Researchers at the Nerja Caves have revealed that they have found evidence that the early cave dwellers had whale meat as part of their diet.
An international team of scientists working at the Nerja Caves have found small barnacles, dated as being between 13,500 and 14,500 years old. These barnacles, live on the skin of whales so scientists have concluded that this is the earliest evidence of the use of cetaceans in European prehistory.
Between 13,500 and 14,500 years ago, the settlement of hunters and fishermen in Nerja were separated from the coast by about 2.5 miles. To survive, the community walked for hours to the shore and fished there and moved their prey, such as dolphins and seals, to the cave where they lived. However, when they found the remains of whales, they had to change their strategy, as shown by a study published in the journal Quaternary International.

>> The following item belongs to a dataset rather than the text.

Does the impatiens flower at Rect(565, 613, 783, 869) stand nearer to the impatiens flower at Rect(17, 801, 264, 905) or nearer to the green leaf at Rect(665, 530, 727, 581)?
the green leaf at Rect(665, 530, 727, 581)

“They took pieces of meat, fat and skin to the cave, but left the bones of the animal on the beach,” says Jesus F. Jorda, researcher at the Department of Prehistory and Archaeology at UNED and one of the authors of the study. Reserachers have discovered remains of hundreds of barnacles, small crustaceans that live on the skin of whales.
“Being closely associated with the edible parts of the whale and finding many of them burned inside the cave dwelling, the presence of these crustaceans provides indirect evidence of the oldest whale consumption in European prehistory,” adds Stephen Alvarez -Fernandez, a researcher at the University of Salamanca and the paper’s lead author.
The crustaceans found belong to two different genres – Tubicinella major and Cetopirus – and many of them were completely burned, indicating that humans of that time roasted the whale meat to eat.
Their analysis indicates that they would have been living on the skin of an Eubalaena Australis whale , typical of the waters of the southern hemisphere, which “confirms the significant drop in temperature of sea water at that time,” says Álvarez-Fernández . This cooling of ocean waters in both hemispheres allowed the whales to cross the equator and into the Mediterranean, ending beached at Nerja.
In addition, there is the fact that scientists have never before found these two crustacean species together in a prehistoric timescale.
Scientists from a number of different institutions have taken part in the research, including UNED and the University of Salamanca, the University of Valencia, Complutense University of Madrid, the National University of Australia, the Geological Survey of Spain, the National Museum of Natural Sciences (CSIC ) and the Museum of Natural History in Paris (France).
The picture is of the remains of the barnacles found. Courtesty of : Esteban Álvarez-Fernández and René-Pierre Carriol.